- President: Anto Lozančić
- Founded: 4 April 2012
- Split from: Croatian Peasant Party of Bosnia and Herzegovina
- Headquarters: Stjepana Radića bb Novi Travnik, Bosnia and Herzegovina
- Ideology: Christian democracy Agrarianism
- Political position: Centre-right
- National affiliation: Croatian National Assembly
- International affiliation: Centrist Democrat International
- Colours: Green; Red, White, Blue
- HoR BiH: 0 / 42
- HoP BiH: 0 / 15
- HoR FBiH: 0 / 98
- HoP FBiH: 0 / 80
- Cantonal Premiers: 0 / 10
- Mayors: 1 / 145

= Croatian Peasant Party of Stjepan Radić =

The Croatian Peasant Party of Stjepan Radić (Hrvatska seljačka stranka Stjepana Radića or HSS SR) is a minor Croatian political party in Bosnia and Herzegovina.

In 2007, Croatian Peasant Party of Bosnia and Herzegovina and the New Croatian Initiative merged.
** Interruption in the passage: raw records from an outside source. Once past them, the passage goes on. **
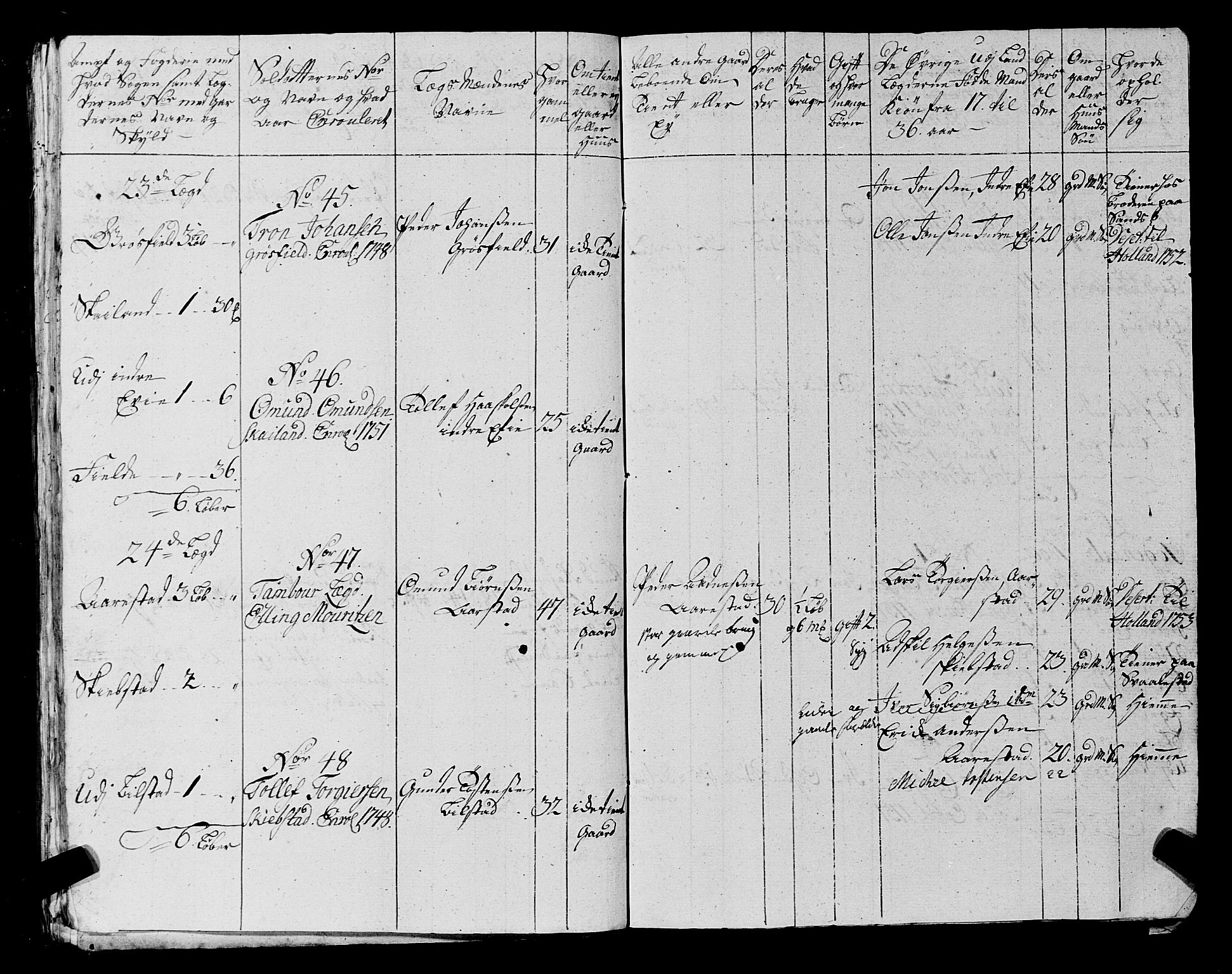 Fylkesmannen i Rogaland, AV/SAST-A-101928/99/3/325/325CA, 1655-1832, p. 4531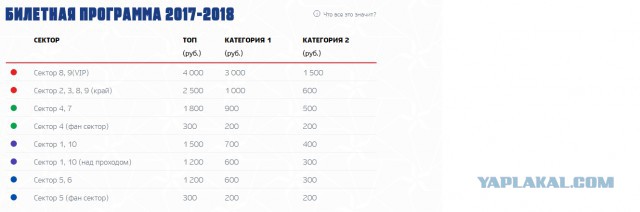 Хоккей сезон 2017-18 (КХЛ, НХЛ, сборная России, хсм, женский) часть 6
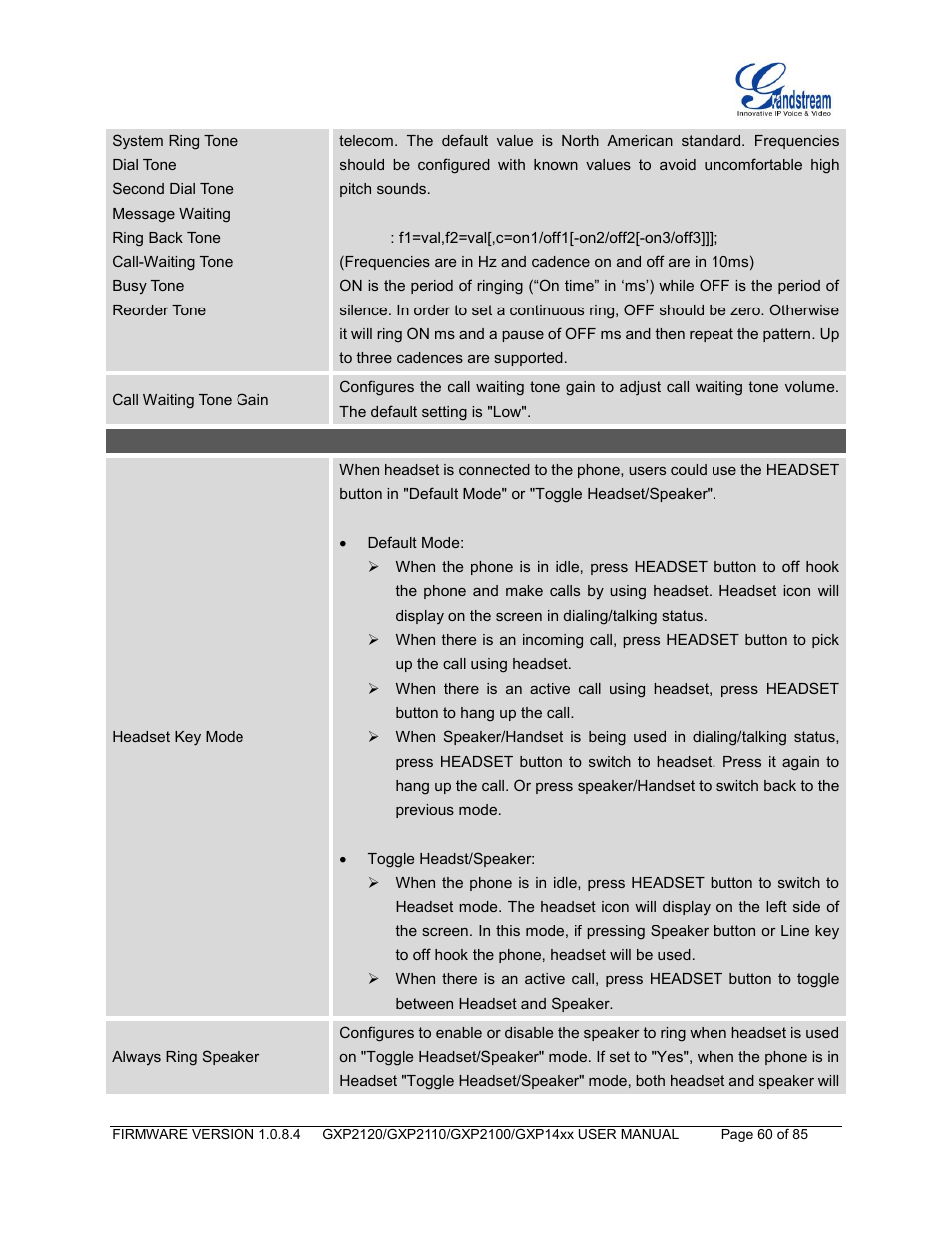 Grandstream GXP21xx Series User Manual User Manual | Page 62 / 87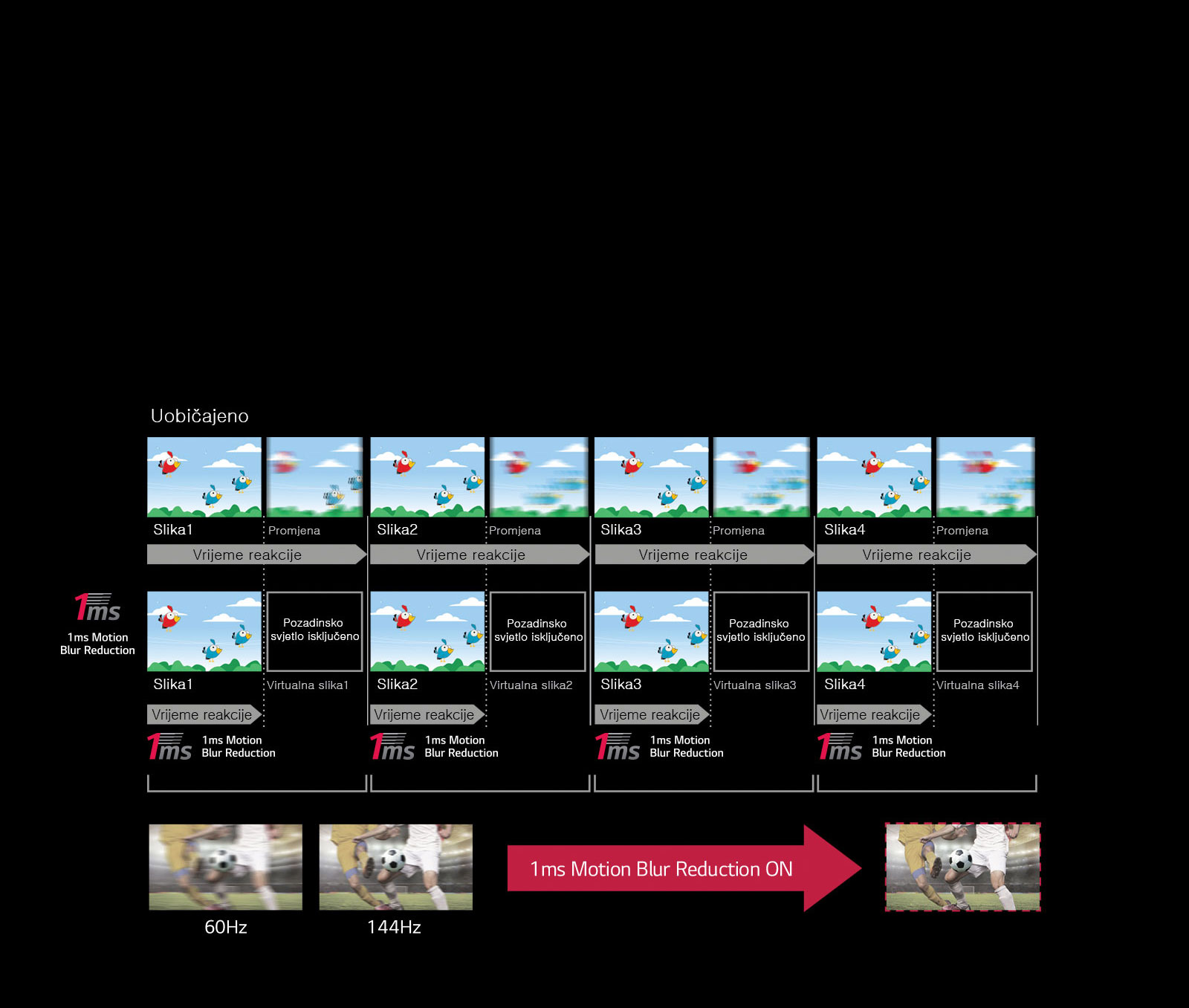 Smanjenje zamućenosti pokreta uz odziv od 1 ms1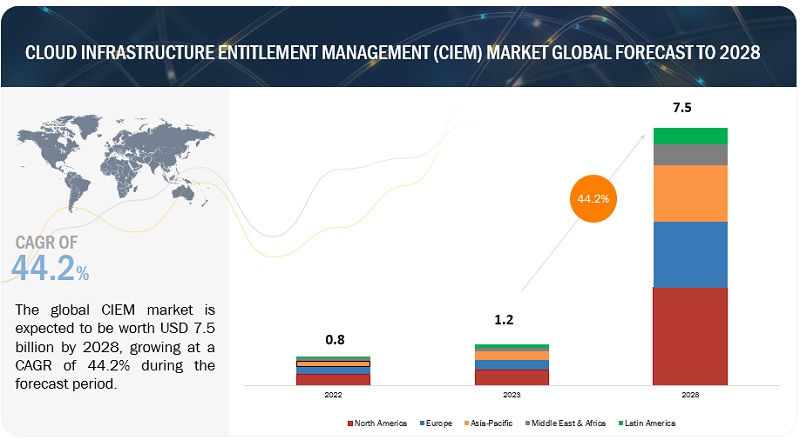 Cloud Infrastructure Entitlement Management (CIEM) Market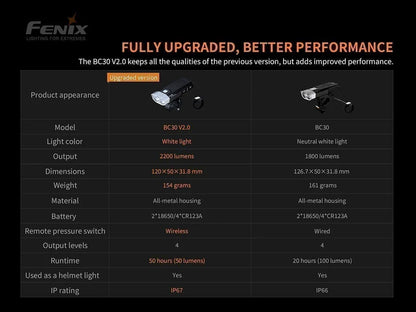 FENIX BC30 V2.0 (2200 لومن)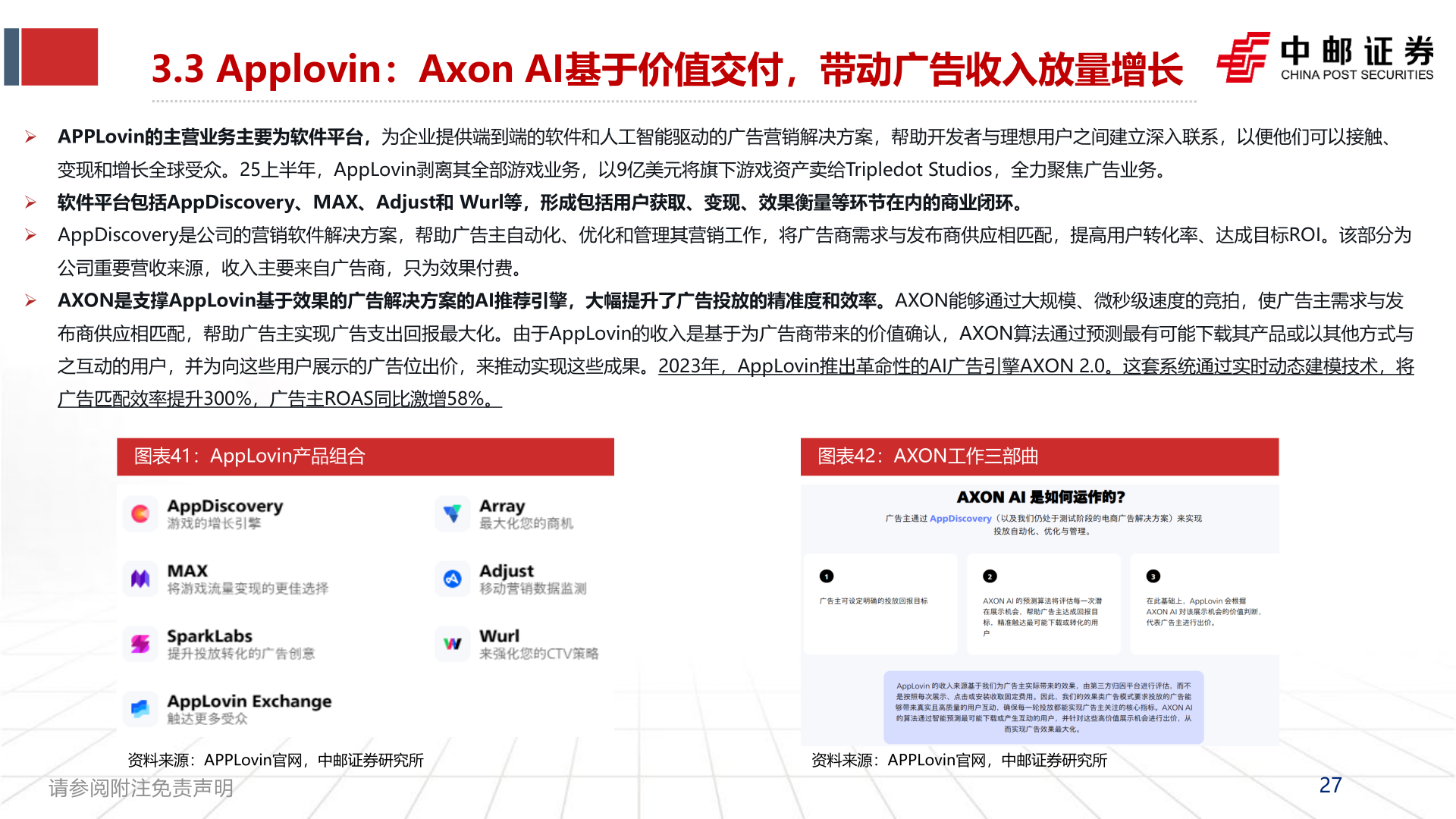 你知道3.3 Applovin：Axon AI基于价值交付，带动广告收入放量增长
The New Croatian Initiative was formed as a splinter group from the Croatian Democratic Union of Bosnia and Herzegovina by Krešimir Zubak. They were originally named HSS-NHI (CPP-NCI). After HSS-NHI underwent turmoil and internal divisions grew, a division of former HSS members led by Ljiljana Lovrić left the party and reestablished HSS in 2010. Shortly afterwards, another splinter group from HSS-NHI led by Anto Lozančić formed HSS Stjepan Radić. In 2014 general elections, they chose not to stand in the elections. HSS Stjepan Radić is a member party of the Croatian National Assembly.

In the 2020–24 legislative period, HSS SR has the majority in one municipality in the country, Croat-majority Dobretići.